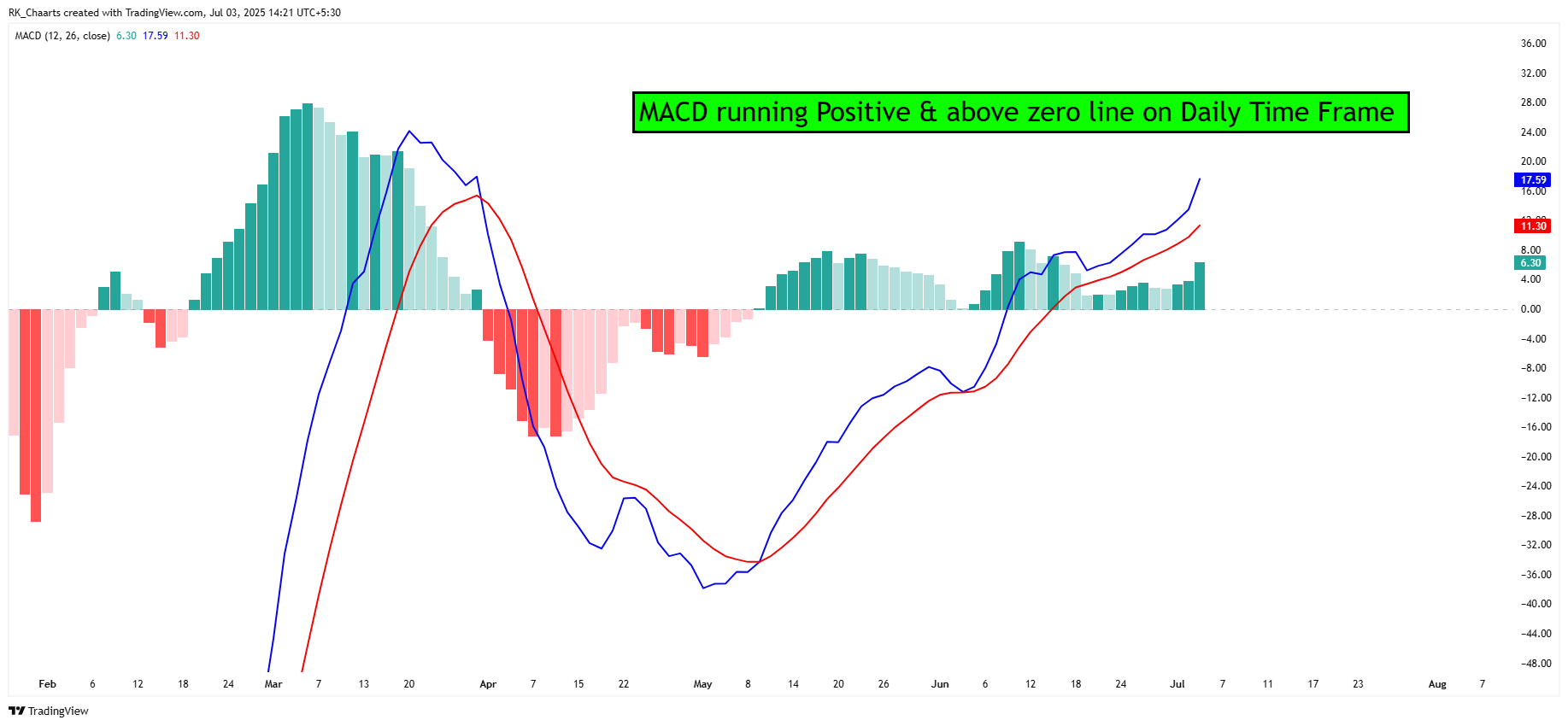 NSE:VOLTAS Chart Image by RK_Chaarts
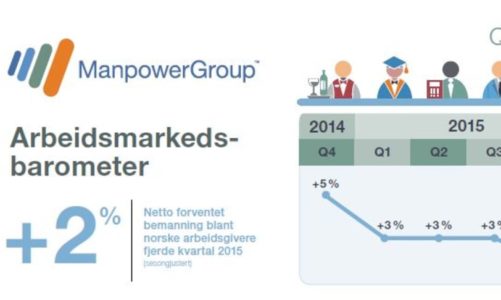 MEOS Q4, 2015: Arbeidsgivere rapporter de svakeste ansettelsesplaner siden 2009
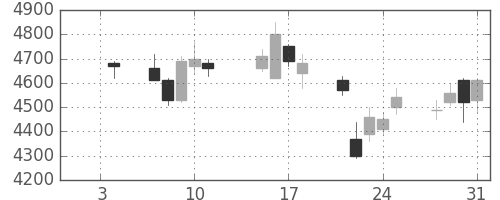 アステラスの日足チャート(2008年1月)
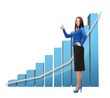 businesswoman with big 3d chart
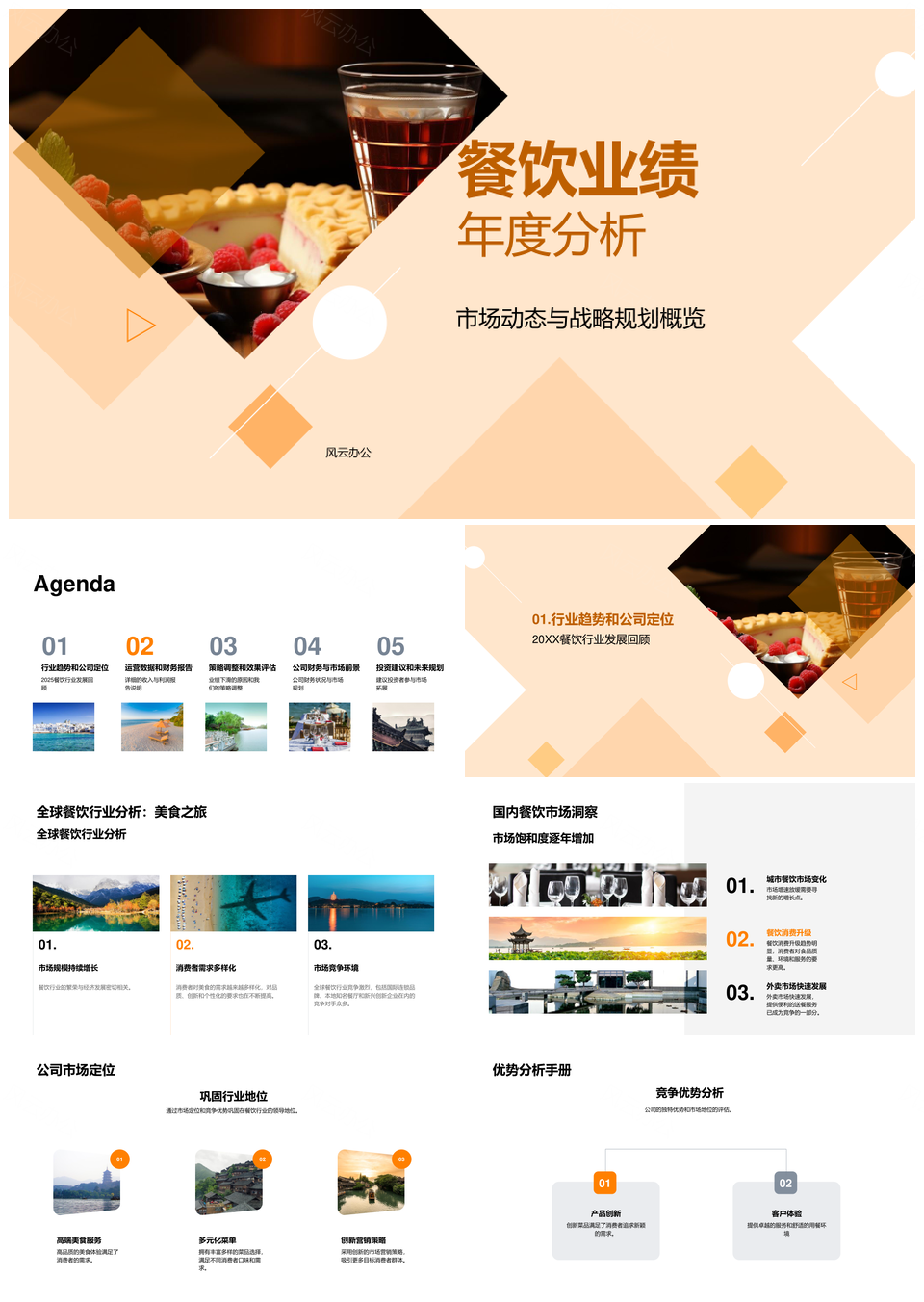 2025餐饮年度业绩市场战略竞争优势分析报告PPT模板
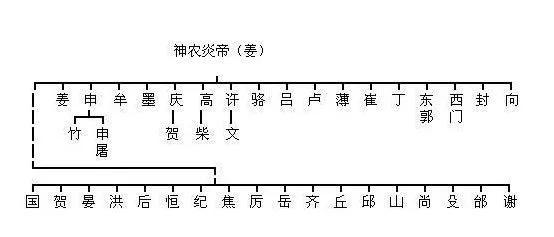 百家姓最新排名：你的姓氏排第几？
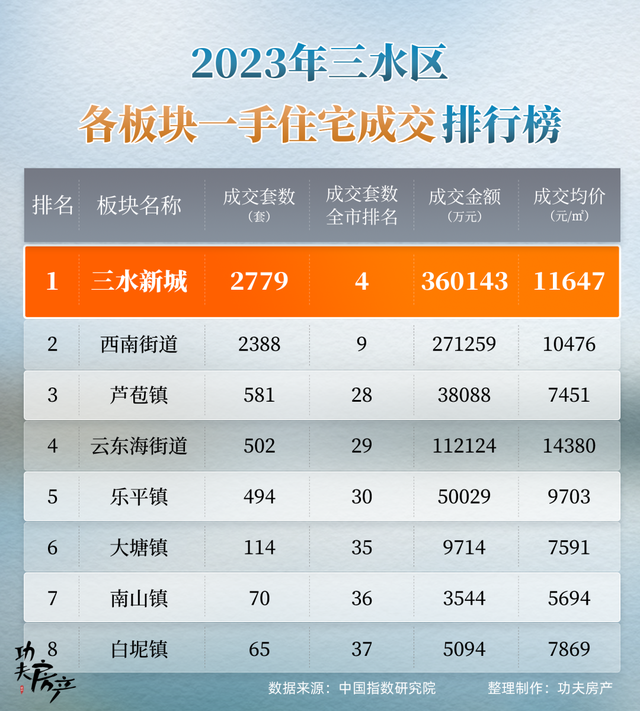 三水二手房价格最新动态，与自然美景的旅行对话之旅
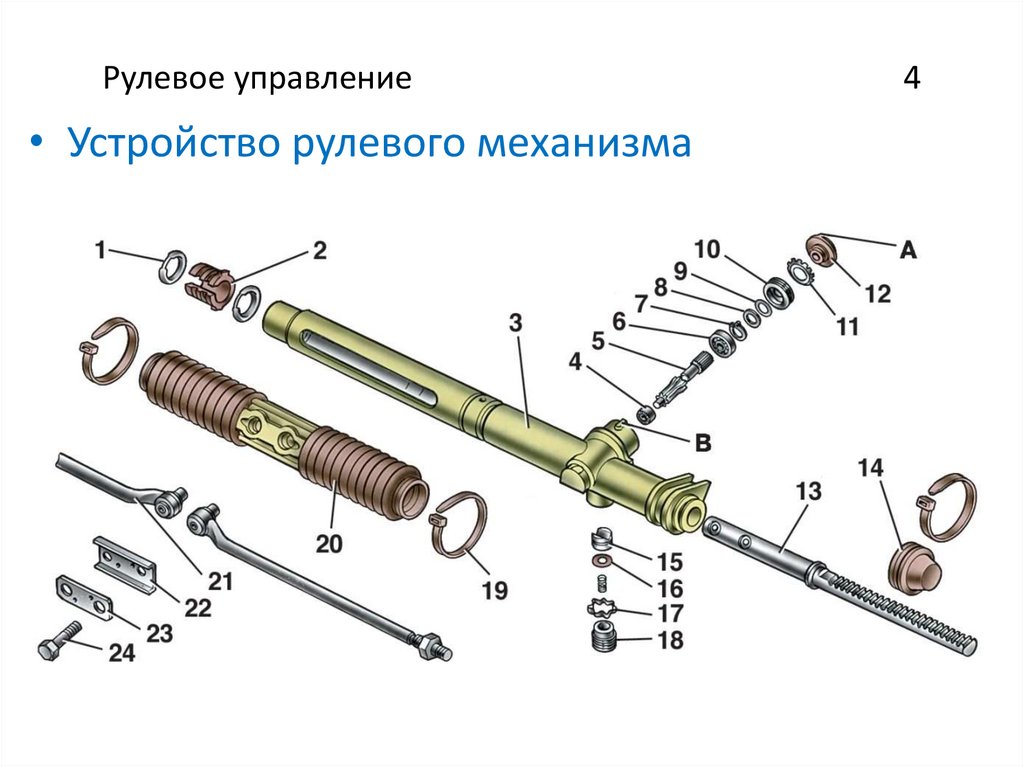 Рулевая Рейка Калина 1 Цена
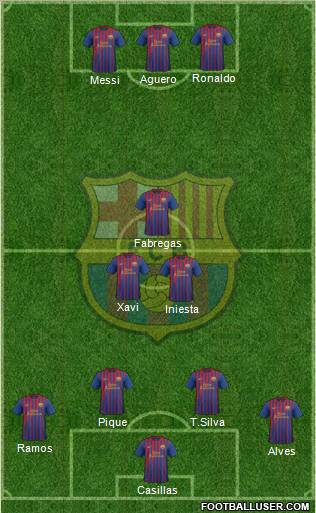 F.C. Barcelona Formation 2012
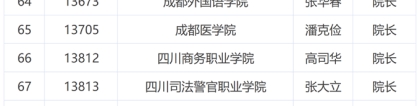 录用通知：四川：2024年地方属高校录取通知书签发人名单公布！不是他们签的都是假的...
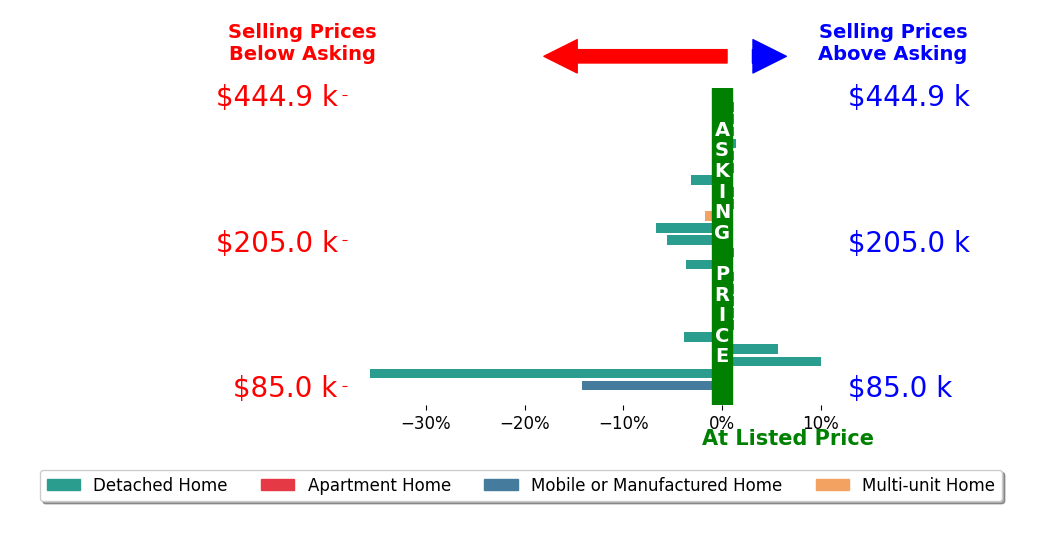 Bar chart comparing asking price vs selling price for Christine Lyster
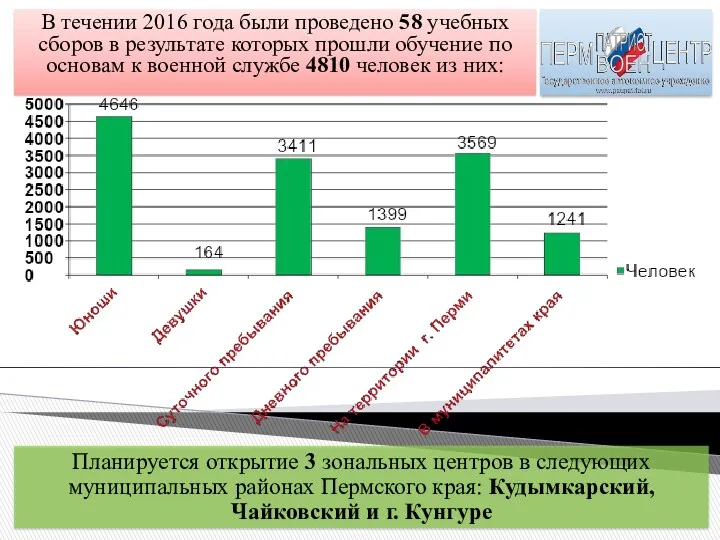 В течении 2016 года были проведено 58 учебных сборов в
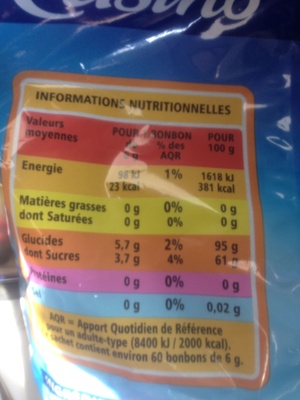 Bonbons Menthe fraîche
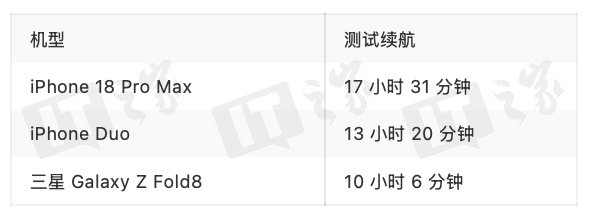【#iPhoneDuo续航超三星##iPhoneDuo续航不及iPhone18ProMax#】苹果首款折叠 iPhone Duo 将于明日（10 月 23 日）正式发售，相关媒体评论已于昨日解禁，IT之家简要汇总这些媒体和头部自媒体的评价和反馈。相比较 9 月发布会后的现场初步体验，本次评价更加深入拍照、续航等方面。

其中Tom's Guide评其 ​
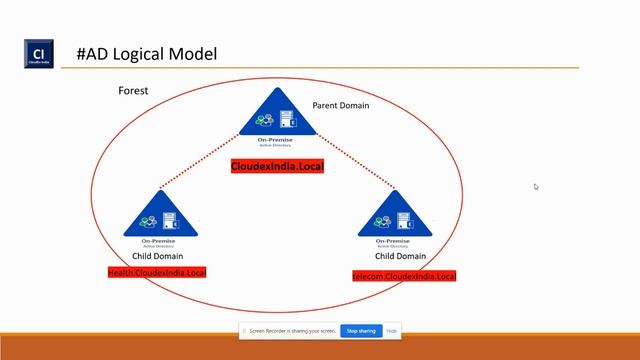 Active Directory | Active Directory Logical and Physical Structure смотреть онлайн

_____

▶ [REQUIRED ACTION] Reproduce the full listing verbatim so that only the pictures are missing.

▶ [EXERCISE RESPONSE]
 NSE:VOLTAS Chart Image by RK_Chaarts
 MEOS Q4, 2015: Arbeidsgivere rapporter de svakeste ansettelsesplaner siden 2009
 アステラスの日足チャート(2008年1月)
 businesswoman with big 3d chart
 2025餐饮年度业绩市场战略竞争优势分析报告PPT模板
 百家姓最新排名：你的姓氏排第几？
 三水二手房价格最新动态，与自然美景的旅行对话之旅
 Рулевая Рейка Калина 1 Цена
 F.C. Barcelona Formation 2012
 录用通知：四川：2024年地方属高校录取通知书签发人名单公布！不是他们签的都是假的...
 Bar chart comparing asking price vs selling price for Christine Lyster
 В течении 2016 года были проведено 58 учебных сборов в
 Bonbons Menthe fraîche
【#iPhoneDuo续航超三星##iPhoneDuo续航不及iPhone18ProMax#】苹果首款折叠 iPhone Duo 将于明日（10 月 23 日）正式发售，相关媒体评论已于昨日解禁，IT之家简要汇总这些媒体和头部自媒体的评价和反馈。相比较 9 月发布会后的现场初步体验，本次评价更加深入拍照、续航等方面。

其中Tom's Guide评其 ​
 Active Directory | Active Directory Logical and Physical Structure смотреть онлайн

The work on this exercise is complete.